Así pues, una vez más, las selecciones europeas se negaron a viajar a América para disputar el campeonato de 1938 y se decidió establecer como única sede a Francia. A consecuencia de esto, los combinados americanos más potentes se negaron a participar en esta edición de la Copa del Mundo. Es el caso de selecciones como Uruguay, Argentina, México o Estados Unidos. En cambio, Brasil y Cuba sí que aceptaron la decisión y viajaron a tierras galas para disputar el tercer Mundial de la historia.
De Brasil ya se sabe que siempre se le ha considerado como una firme candidata a ganar todo, pero realmente impactante es una de las intrahistorias que dejaría la selección de Cuba. Este combinado llegaba como uno de los rivales más asequibles en el torneo. Por historia, por tradición y por la cultura futbolística del país. Aun así, todavía no habían dicho su última palabra. En aquel tiempo, los Mundiales no desprendían el mismo fervor internacional que supone la cita mundialista a día de hoy. Ni mucho menos, aunque ya comenzaba a tomar importancia, con millones de aficionados siguiendo el espectáculo alrededor del Mundo.
En cuanto a la estructura de los enfrentamientos, también dista mucho de la que podemos encontrar a día de hoy. Con un número de selecciones muy inferior a las que ahora completan la fase final del torneo -16 frente a las 32 actuales-, no existía la fase de grupos y el campeón saldría de los cruces directos entre selecciones. Entre ellos, Cuba se enfrentaría, en octavos de final, a Rumanía. A priori, la superioridad de los centroeuropeos era abrumadora y se presuponía que barrerían a los cubanos. Pero, ya sabéis, si algo tiene de bueno este deporte es que hasta el final del encuentro no hay nada decidido y, en una Copa del Mundo, el escudo no gana partidos.

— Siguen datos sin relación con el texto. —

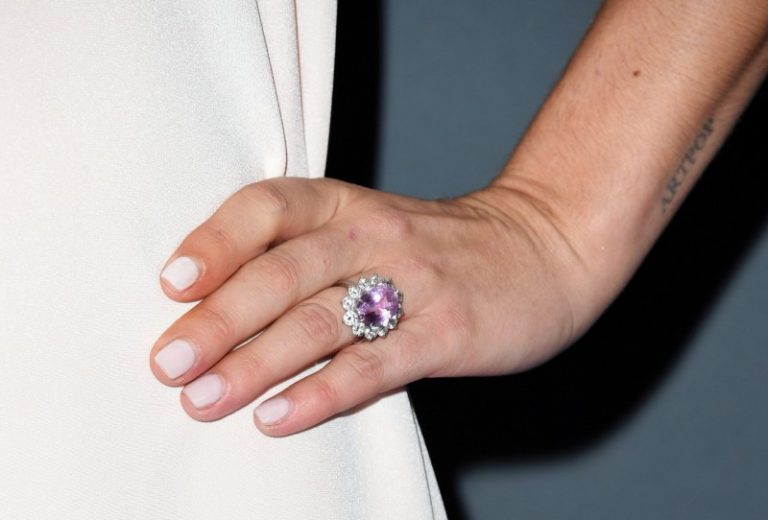 Lady Gaga於2018年收下當時的未婚夫Christian Carino 所送贈約為6克拉的花式粉紅色鑽石戒指作為訂婚戒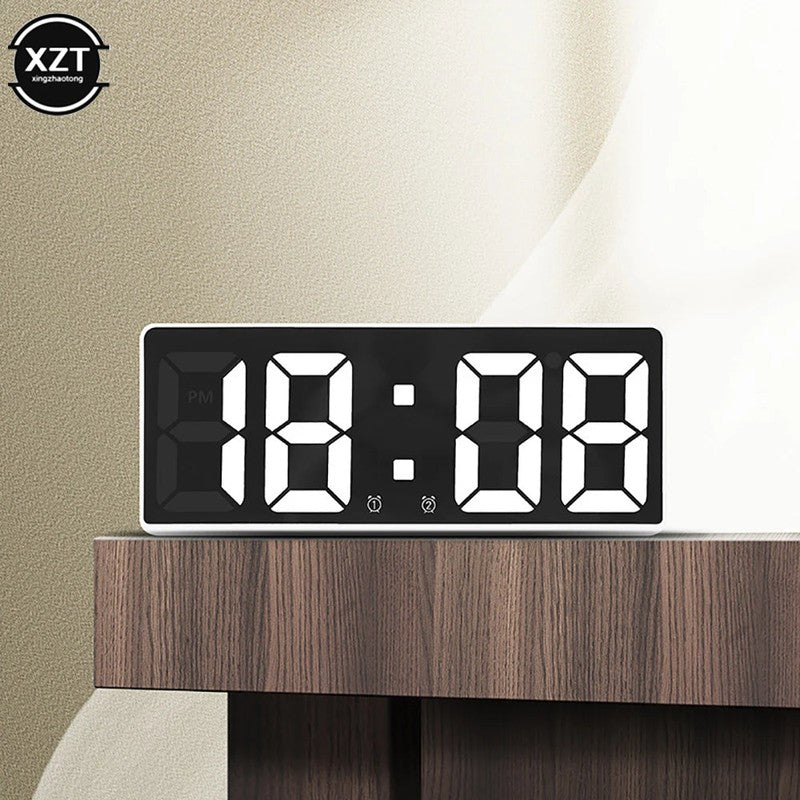 Reveil gros chiffres mode nuit automatique senior MaDouceVeilleuse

“Señores, no jugaré el partido, pero ganaremos el ‘replay’, está claro. El juego rumano no tiene secretos para nosotros. Haremos dos goles; ellos, solo uno. Adiós, caballeros”

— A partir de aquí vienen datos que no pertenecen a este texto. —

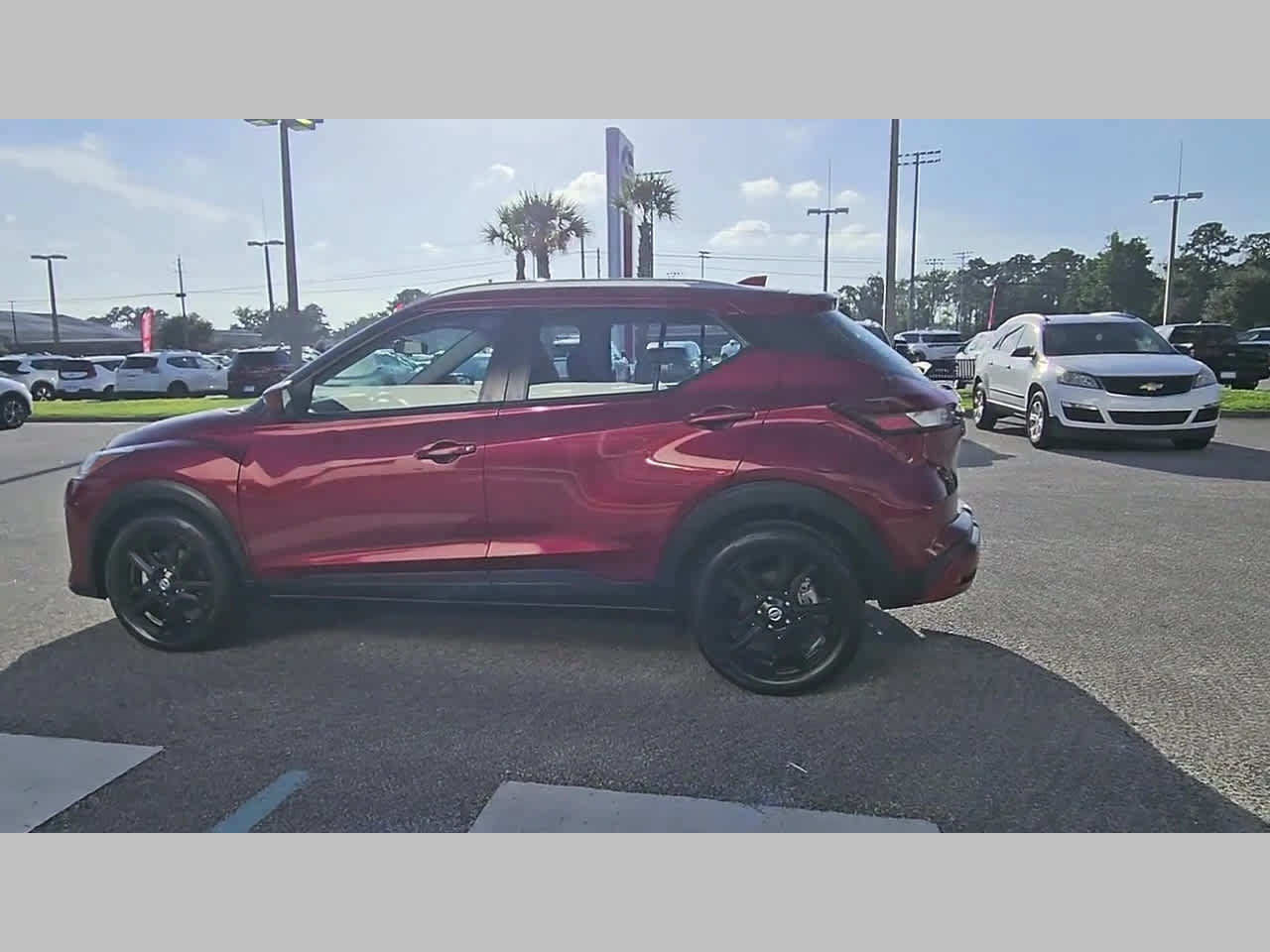 Used 2021 Nissan Kicks SV FWD image 27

Cuba jugó un buen partido ante Rumanía, en el que su mejor jugador fue su portero titular, Benito Carvajales. Con tan solo 25 años, el guardameta del club Juventud Asturiana de La Habana hizo del debut con su selección el partido de su vida. El resultado fue de empate a tres al final del partido, pero de no ser por las numerosas intervenciones del portero cubano, los europeos hubieran superado holgadamente la eliminatoria. Tras el partido de desempate aguardaba Suecia, combinado que pasó directamente a la ronda de cuartos de final sin saltar al campo. Su partido de octavos iba a enfrentarla contra la selección de Austria pero la Alemania Nazi ya la había anexionado y ambos combinados jugarían ese Mundial –con esvásticas en el pecho- unificados.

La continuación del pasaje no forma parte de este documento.